IPV closes the immunity gap against type 2
poliovirus. A study from Cote d’Ivore demonstrated that, previously tOPV-vaccinated
infants who were seronegative, had seroconversion rates against type 2
poliovirus of 100% after one dose of IPV versus 53% after tOPV
[9]. Similarly, in India, previously OPV-vaccinated infants who were
seronegative to type 2 poliovirus had seroconversion rates against type
2 of 100% after IPV [10]. In India, type 2 is responsible for around 40%
of all cases of VAPP and majority of them occur after four months of
age. Thus the single dose of IPV given at 14 weeks would not only
prevent all cases of VAPP caused by type 2, but will also significantly
reduce the overall tally of VAPP. A recent study from India demonstrated
that giving IPV to children with multiple previous doses of OPV
substantially boosts intestinal immunity and decreases excretion
prevalence after challenge with bOPV [11].
Furthermore, it is expected that prior receipt of IPV
should contribute to curtailing transmission of poliovirus in the
setting of an outbreak since it also reduces the duration of shedding
and the amount of virus in the stool [11,12]. In India, a single IPV
dose in children aged 6-11 months, 5 years, and 10 years of age who
received multiple prior OPV doses reduced excretion prevalence by 54-72%
(type 1) and 51-81% (type 3) after a challenge with bOPV [11,12].
In summary, administration of one dose of IPV would
boost humoral and mucosal immunity in children already immune from OPV,
provide protection against VAPP, and facilitate outbreak control with
mOPV, should polioviruses be reintroduced.
Recently, the SAGE reviewed progress on these
readiness indicators [4,13]. All high risk countries are on track for
introducing IPV. Current shortage of IPV is due to the technical
challenges encountered in the rapid scale-up of IPV production required
to meet the timeline.
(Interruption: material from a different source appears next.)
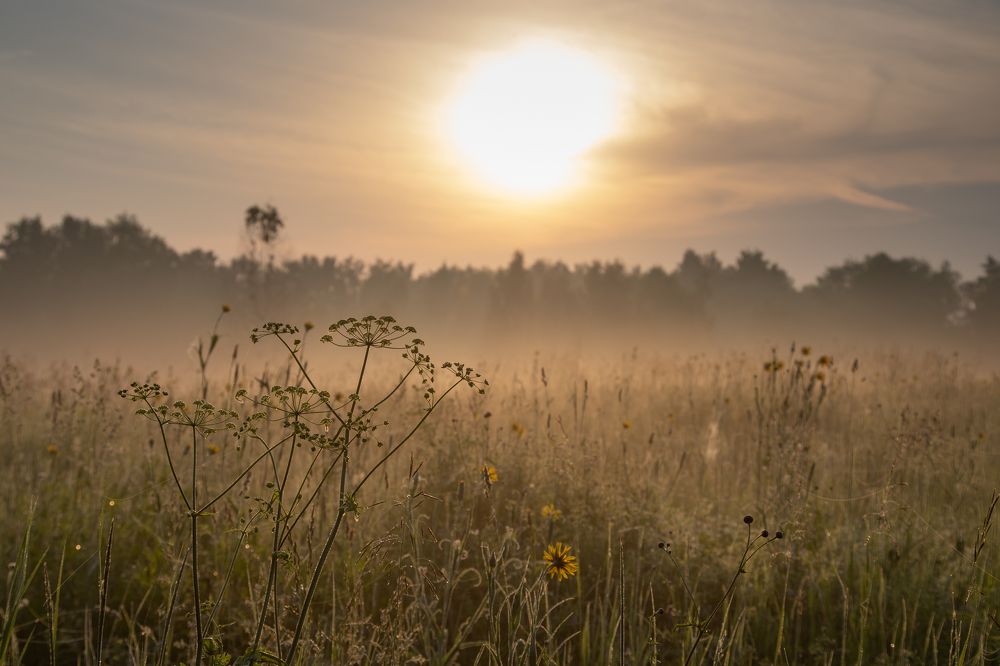 Photograph by Лидия Богданова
Supply shortages will delay introduction by a few
months in some low-risk countries but are unlikely to increase the
short-term risk of cVDPV2. Experts feel that "the benefits of
withdrawing OPV2 outweigh the risks, hence the decision to proceed with
the global switch from tOPV to bOPV between April 17 and May 1, 2016.
Furthermore, OPV2 withdrawal should be synchronized worldwide. A
prolonged staggered withdrawal would pose a risk of continuous
generation of cVDPV2s and potential exportation of these viruses to
regions or countries with susceptible children born after the switch.
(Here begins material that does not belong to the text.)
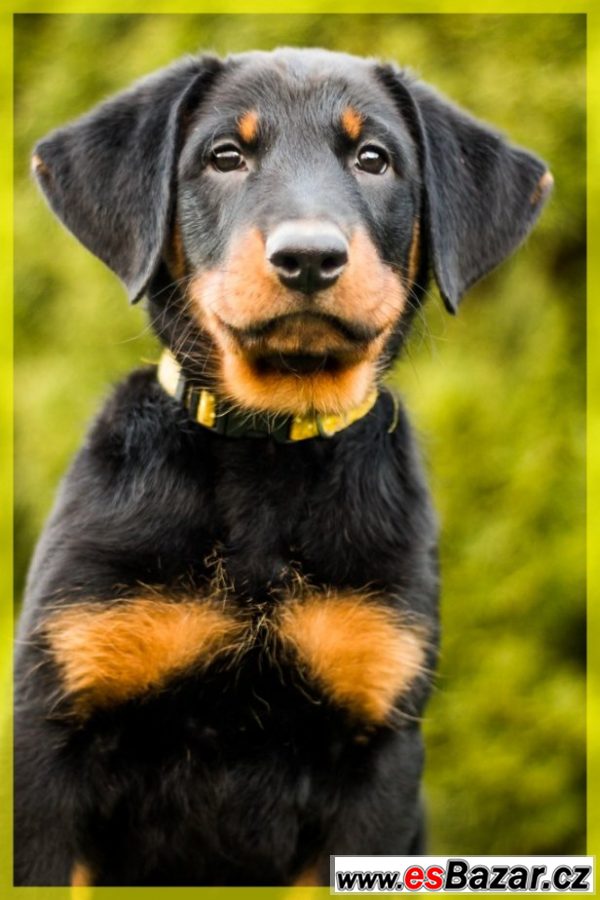 Beauceron - štěňátka s PP – fotografie 3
Withdrawal of OPV2 during the seasonally low-transmission month of April
further reduces the risk of type 2 polio outbreaks [14]."
In the context of an IPV shortage, there is a
suggestion of using fractional doses (one-fifth of the full IPV dose)
via the intradermal (ID) route – two fractional doses of IPV (ID-fIPV)
administered at 6 weeks and 14 weeks (the "prime-boost" model) as an
alternative to the intramuscular injection of one full dose of IPV in
the high performing states. This would possibly make IPV available for
many eligible infants because of cost saving. However, it is
programmatically more demanding. The logistic implications also need to
be considered. It will also be necessary to conduct cross sectional sero-surveys
and prospective cohort studies to understand the immunogenicity and
protection provided by the two fractional doses in the Indian setting .
ID-IPV will be utilized in eight Indian states (Tamilnadu,
Kerala, Andhra Pradesh, Telangana, Karnataka, Odisha, Maharashtra and
Puducchery) from April 2016. In six Indian states (Bihar, Uttar Pradesh,
Madhya Pradesh, Gujarat, Punjab and Assam), single intramuscular dose of
IPV will be given. The previous study done in Moradabad on ID-IPV did
not provide adequate seroconversion against type 2 poliovirus, but at
that time jet injectors were used. This time GoI is planning to use BCG
syringes as a study in Bangladesh has documented adequate seroconversion
(81%) following two doses. We need to study all aspects before issuing
any recommendation on acceptance of ID-IPV as a reliable mode of
providing adequate sero-protection to a vaccinee.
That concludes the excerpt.